Question: M.K.S. unit of Young’s modulus is A. \[M/m\] B. \[M/{m^2}\] C. \[M \times m\] D. \[M \times ...

Question

M.K.S. unit of Young’s modulus is
A. $M/m$
B. $M/{m^2}$
C. $M \times m$
D. $M \times {m^2}$

Answer 1

Solution

Young’s modulus is given by the division of normal stress by longitudinal strain. It is the property that measures the tensile stiffness of a material. The normal stress depends upon force and area and the longitudinal strain deals with the original length and the length that increases or decreases due to elasticity.

Formula Used:
The formula for Young’s modulus is $Y = \dfrac{{{\sigma _n}}}{{{\varepsilon _l}}}$
where, ${\sigma _n}$ is the normal stress and ${\varepsilon _l}$ is the longitudinal strain.

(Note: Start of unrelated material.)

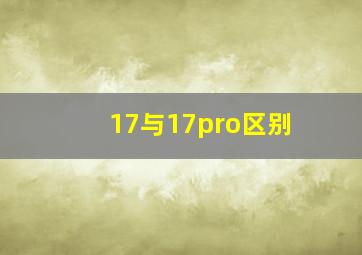 17与17pro区别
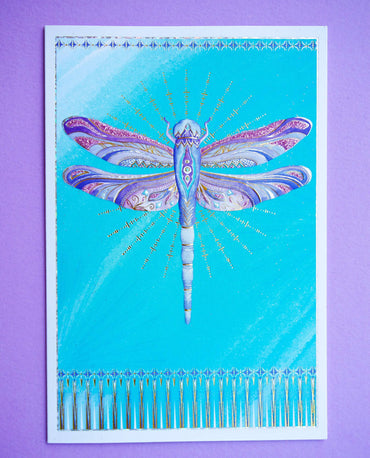 Colorful dragonfly birthday card from Pictura featuring vibrant illustrations, perfect for celebrating special occasions.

Complete step by step answer:
The ratio of the normal stress to the longitudinal strain is called Young's modulus. It is generally denoted as $Y$ . And, the formula of Young’s modulus is given by
$Y = \dfrac{{{\sigma _n}}}{{{\varepsilon _l}}}$
where, ${\sigma _n}$ is the normal stress and ${\varepsilon _l}$ is the longitudinal strain.

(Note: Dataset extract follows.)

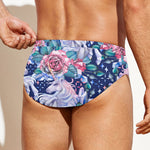 Blue Fairy Rose Unicorn Pattern Print Men's Swim Briefs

But, ${\sigma _n} = \dfrac{F}{a}$ , where $F$ is the stretching force and $a$ is the area of the cross section. Also, ${\varepsilon _l} = \dfrac{l}{L}$ , where $l$ is the change in length and $L$ is the original length.

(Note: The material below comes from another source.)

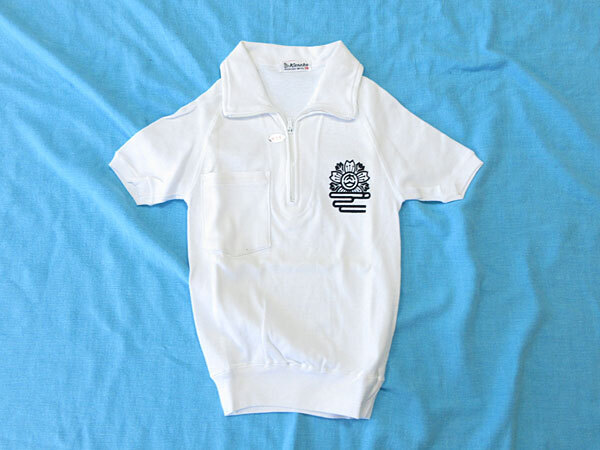 体操服★小学校 中学校★襟付き チャック付き 半袖Tシャツ★Kanebo カネボウ★ホワイト 白★5Sサイズ★シミ汚れあり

\Rightarrow Y= \dfrac{{FL}}{{al}}$$ Therefore, the units of Young’s modulus is: $$\therefore\dfrac{{N.m}}{{{m^3}}} = \dfrac{N}{{{m^2}}}$$ **Hence, option B is the correct answer.** **Note:** The dimensions of Young’s modulus can also be given by modulus of elasticity. The modulus of elasticity is defined as the ratio of stress to strain. Since, strain is a unit less quantity, therefore, the unit of modulus of elasticity is the same as that of stress. Hence, the modulus of elasticity is also expressed as Newton per meter square.